- What you will do -
Only the lines below from the one containing "You reduced TR" to the one containing "Hello, I'm Marty" should be repeated, both included and unchanged.

- Data for this exercise -
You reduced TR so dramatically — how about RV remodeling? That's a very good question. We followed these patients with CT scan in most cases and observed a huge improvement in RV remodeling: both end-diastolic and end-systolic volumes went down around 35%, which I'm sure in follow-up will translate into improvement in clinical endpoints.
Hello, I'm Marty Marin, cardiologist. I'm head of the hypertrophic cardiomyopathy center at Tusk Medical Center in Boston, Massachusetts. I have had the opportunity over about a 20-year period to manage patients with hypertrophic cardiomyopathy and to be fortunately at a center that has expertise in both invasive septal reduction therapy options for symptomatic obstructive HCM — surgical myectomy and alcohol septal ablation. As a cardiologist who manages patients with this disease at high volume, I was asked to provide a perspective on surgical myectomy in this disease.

==

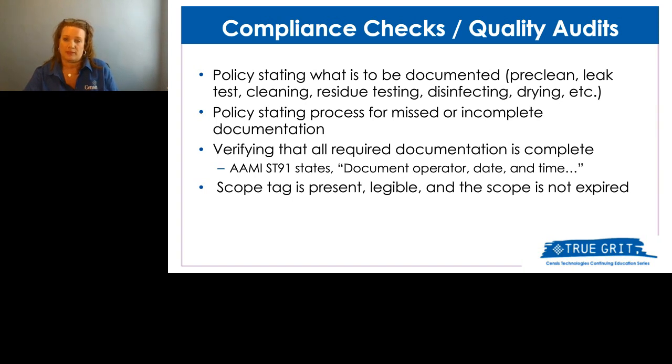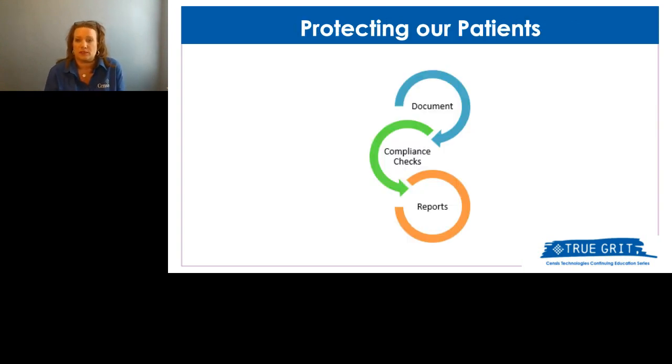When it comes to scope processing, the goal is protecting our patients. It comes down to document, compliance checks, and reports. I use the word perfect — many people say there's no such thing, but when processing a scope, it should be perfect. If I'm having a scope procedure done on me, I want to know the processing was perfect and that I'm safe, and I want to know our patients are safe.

- Result of this task -
You reduced TR so dramatically — how about RV remodeling? That's a very good question. We followed these patients with CT scan in most cases and observed a huge improvement in RV remodeling: both end-diastolic and end-systolic volumes went down around 35%, which I'm sure in follow-up will translate into improvement in clinical endpoints.
Hello, I'm Marty Marin, cardiologist. I'm head of the hypertrophic cardiomyopathy center at Tusk Medical Center in Boston, Massachusetts. I have had the opportunity over about a 20-year period to manage patients with hypertrophic cardiomyopathy and to be fortunately at a center that has expertise in both invasive septal reduction therapy options for symptomatic obstructive HCM — surgical myectomy and alcohol septal ablation. As a cardiologist who manages patients with this disease at high volume, I was asked to provide a perspective on surgical myectomy in this disease.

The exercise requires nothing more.